Data for this task:

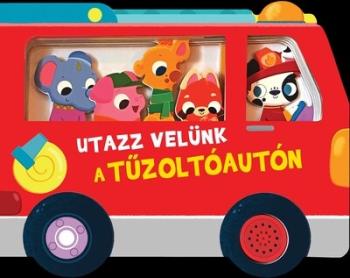 Utazz velünk a tűzoltóautón - hangmodulos könyv - Utazz velünk Kép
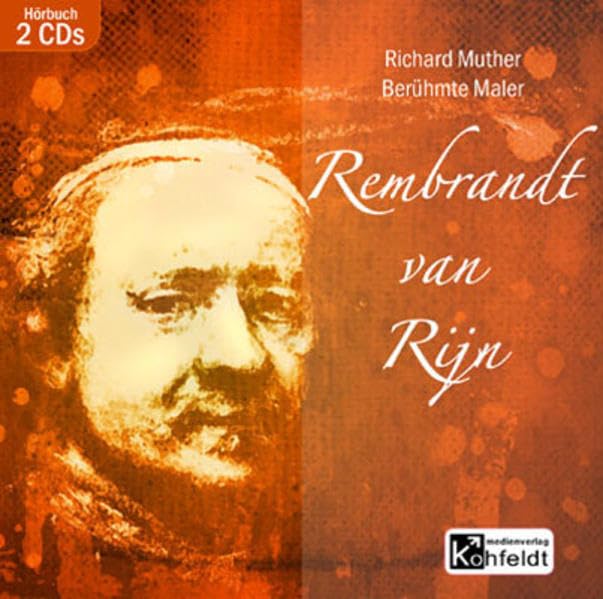 Berühmte Maler. Rembrandt van Rijn. 2 CDs Art & Literature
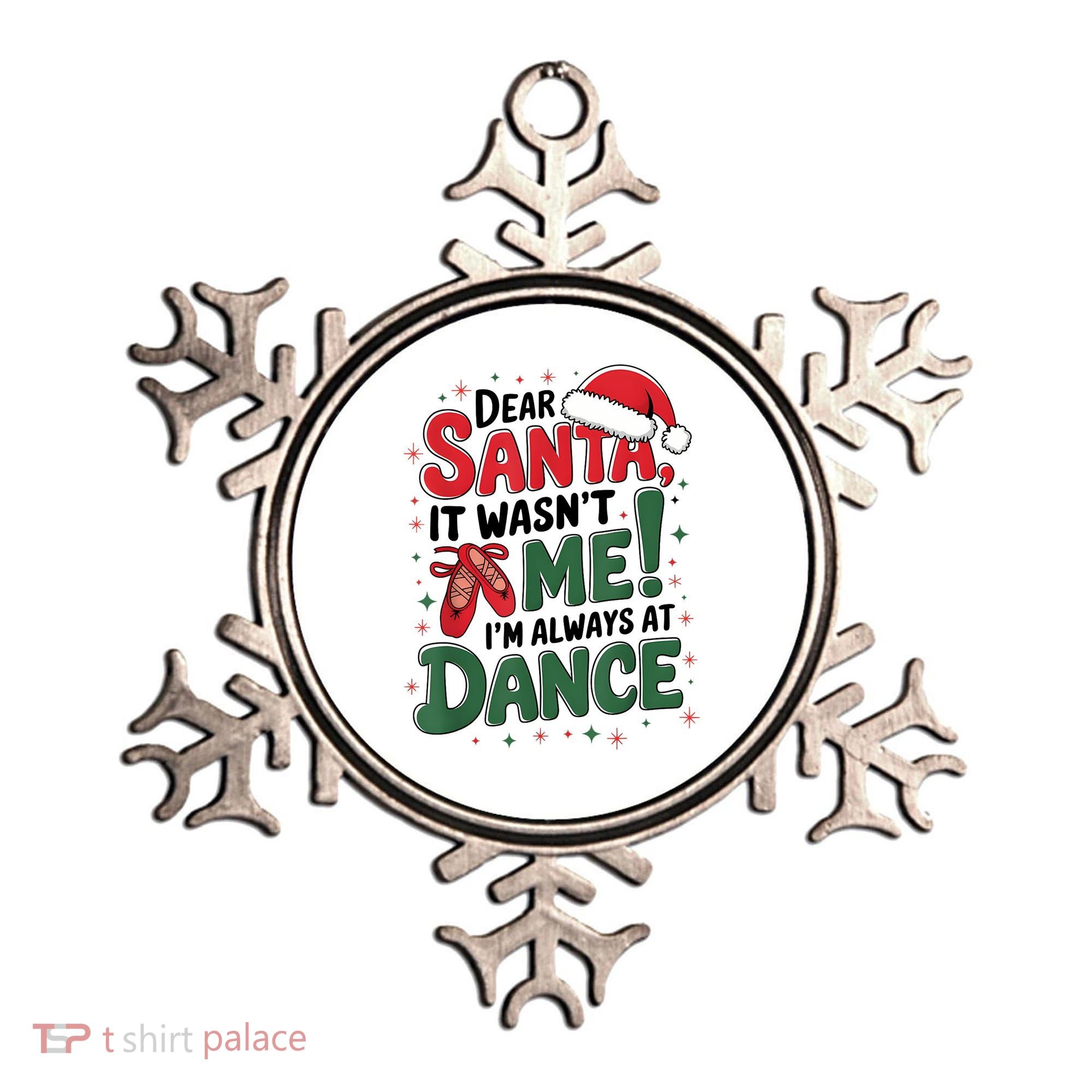 Ballet Christmas Dear Santa It Wasn’T Me I’M Always At Dance Ornament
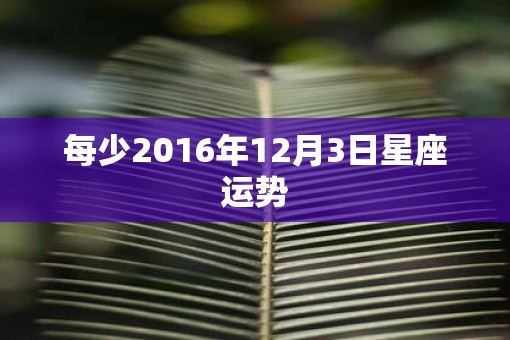 每少2016年12月3日星座运势
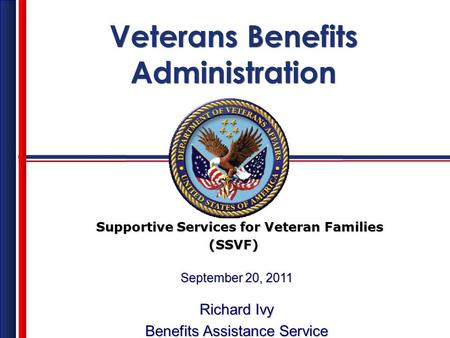 Veterans Benefits Administration Veterans Benefits Administration Supportive Services for Veteran Families Supportive Services for Veteran Families (SSVF)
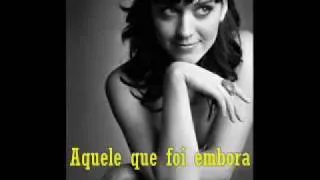 Katy Perry - The One That Got Away - Acústico Traduzido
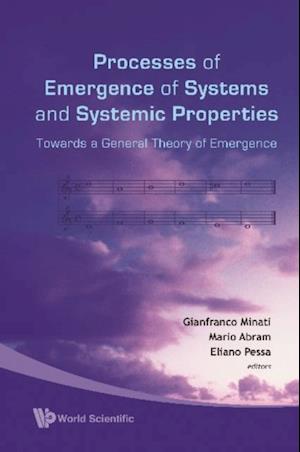 Processes Of Emergence Of Systems And Systemic Properties: Towards A General Theory Of Emergence - Proceedings Of The International Conference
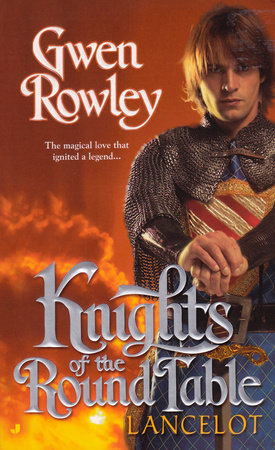 Knights of the Round Table: Lancelot by Gwen Rowley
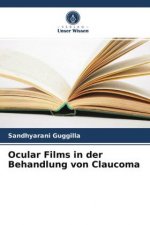 Ocular Films in der Behandlung von Claucoma
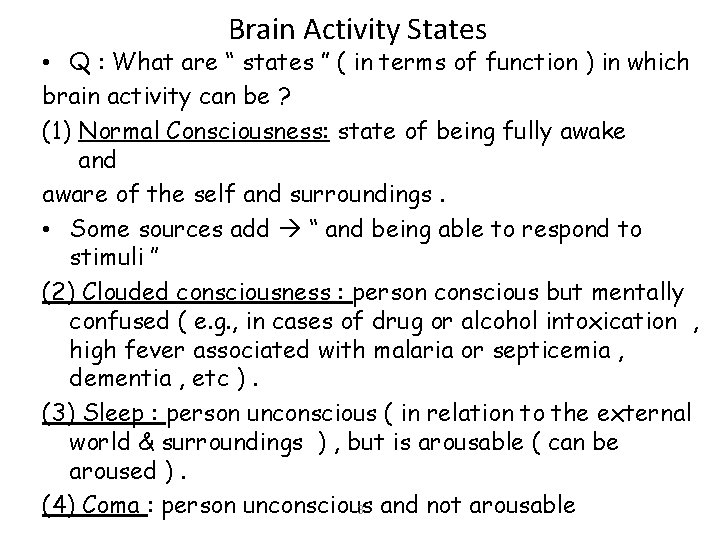 Brain Activity States • Q : What are “ states ” ( in terms Brain Activity States • Q : What are “ states ” ( in terms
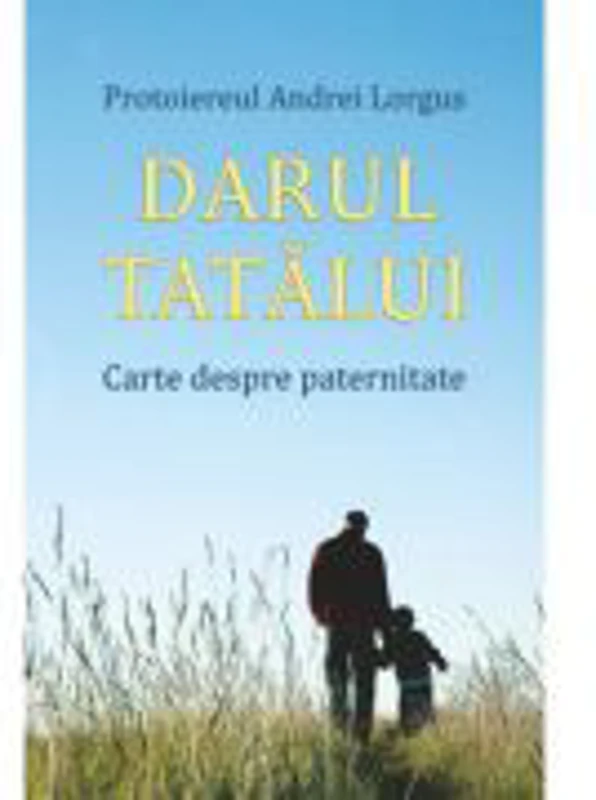 Darul tatalui. Carte despre paternitate - Protoiereul Andrei Lorgus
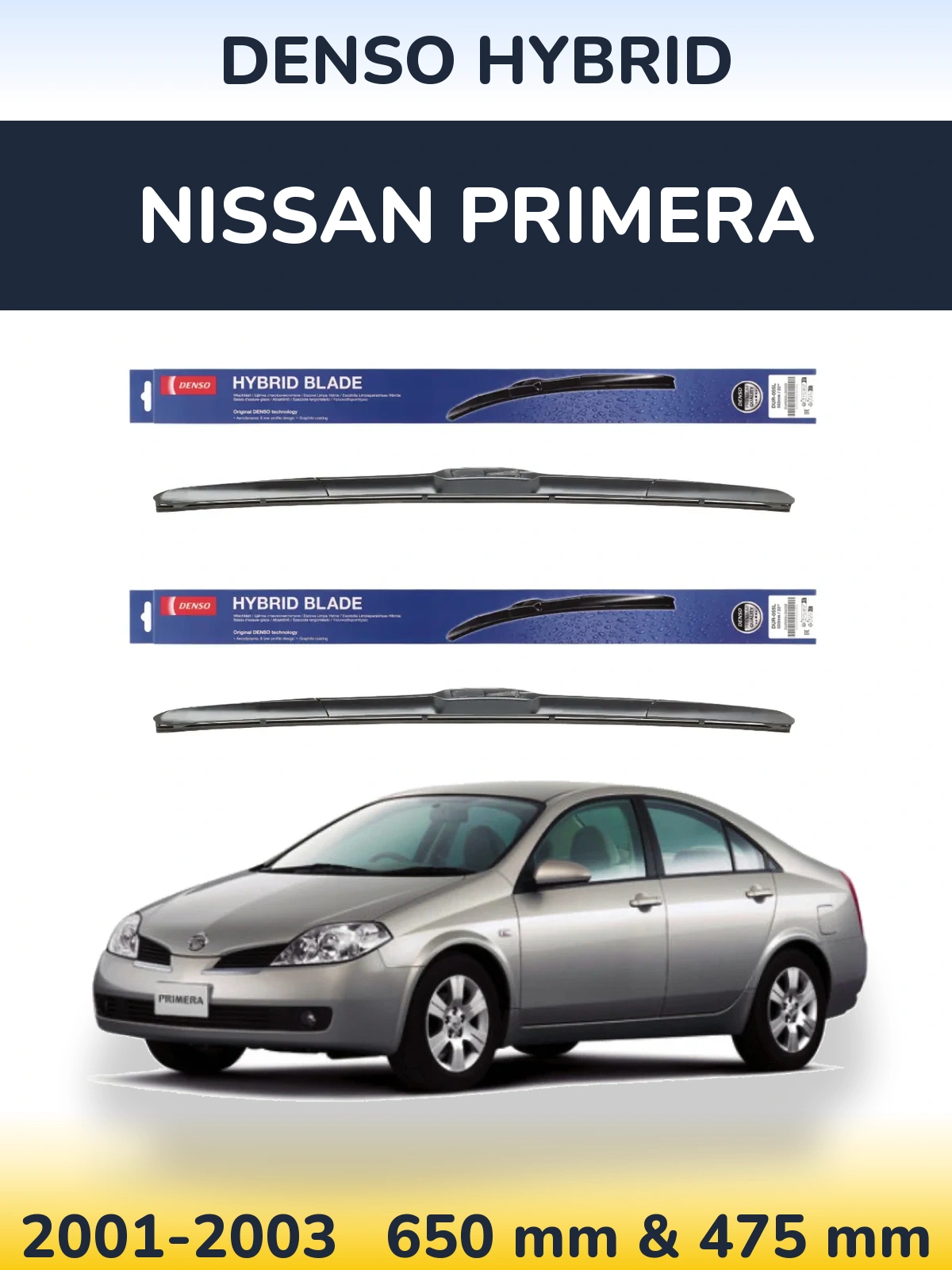 Комплект передніх щіток Denso Hybrid 650 & 475 мм для Nissan Primera 2001-2003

About this exercise: Could you output every record above exactly as written, leaving out the pictures?

Response:
 Utazz velünk a tűzoltóautón - hangmodulos könyv - Utazz velünk Kép
 Berühmte Maler. Rembrandt van Rijn. 2 CDs Art & Literature
 Ballet Christmas Dear Santa It Wasn’T Me I’M Always At Dance Ornament
 每少2016年12月3日星座运势
 Veterans Benefits Administration Veterans Benefits Administration Supportive Services for Veteran Families Supportive Services for Veteran Families (SSVF)
 Katy Perry - The One That Got Away - Acústico Traduzido
 Processes Of Emergence Of Systems And Systemic Properties: Towards A General Theory Of Emergence - Proceedings Of The International Conference
 Knights of the Round Table: Lancelot by Gwen Rowley
 Ocular Films in der Behandlung von Claucoma
 Brain Activity States • Q : What are “ states ” ( in terms Brain Activity States • Q : What are “ states ” ( in terms
 Darul tatalui. Carte despre paternitate - Protoiereul Andrei Lorgus
 Комплект передніх щіток Denso Hybrid 650 & 475 мм для Nissan Primera 2001-2003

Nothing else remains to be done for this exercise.